Bien sûr, après un coucou aux lamas, un saut à la boutique de La Bauge s’impose. On y offre, en plus des vins, des produits du terroir fabriqués sur place ou chez des voisins. Ici, pas de savons au lait de chèvre ni de champignons séchés à vendre, comme dans d’autres vignobles, mais plutôt de la terrine de sanglier, du saucisson fumé de cerf rouge… et du vin de dessert, comme la Sélection Camille : « Le prénom de ma grand-mère », explique le propriétaire des lieux, le très sympathique Simon Naud. Mais la belle photo d’époque qui orne l’étiquette, est-ce bien celle de sa grand-mère, de son arrière-grand-mère ou d’une actrice du cinéma muet ? Voilà ce qui arrive quand on déguste du vin ici et là et qu’on n’a pas à prendre le volant : hips ! on ne sait plus trop où on en est.
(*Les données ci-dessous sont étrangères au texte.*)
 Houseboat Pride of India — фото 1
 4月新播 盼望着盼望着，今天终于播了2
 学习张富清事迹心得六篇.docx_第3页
C’est fou tout ce qu’on apprend sur le vin en l’espace de quelques arrêts. Les viticulteurs se font un vrai plaisir d’expliquer leur travail, les difficultés qu’ils rencontrent, les solutions qu’ils ont trouvées. Quand ils parlent de Maréchal Foch, ce n’est pas du héros de la Grande Guerre ni de l’avenue parisienne très chic qu’il est question. Il s’agit d’une variété de vigne originaire de la vallée de la Loire, qui mûrit très tôt – détail non négligeable dans un pays qui n’est pas un pays mais l’hiver – et dont les fruits de petite taille, une fois écrasés et enfûtés, libèrent des arômes qui vont du pruneau cuit au champignon en passant par le cèdre.

Jean-Christophe Hirsch est si enivré par son métier qu’il donne presque un cours de vin 101 à chaque visiteur. Son vignoble a pour nom La Mission, mais il pourrait bien aussi s’appeler La Passion. « Regardez comme c’est beau », dit-il en embrassant du regard la vallée qui s’étend devant lui. « On se croirait dans le Beaujolais. » Jean-Christophe sait de quoi il parle ; il a grandi dans cette région de France. « Des gens dans ma famille ont un vignoble, alors je me suis initié très tôt au métier. »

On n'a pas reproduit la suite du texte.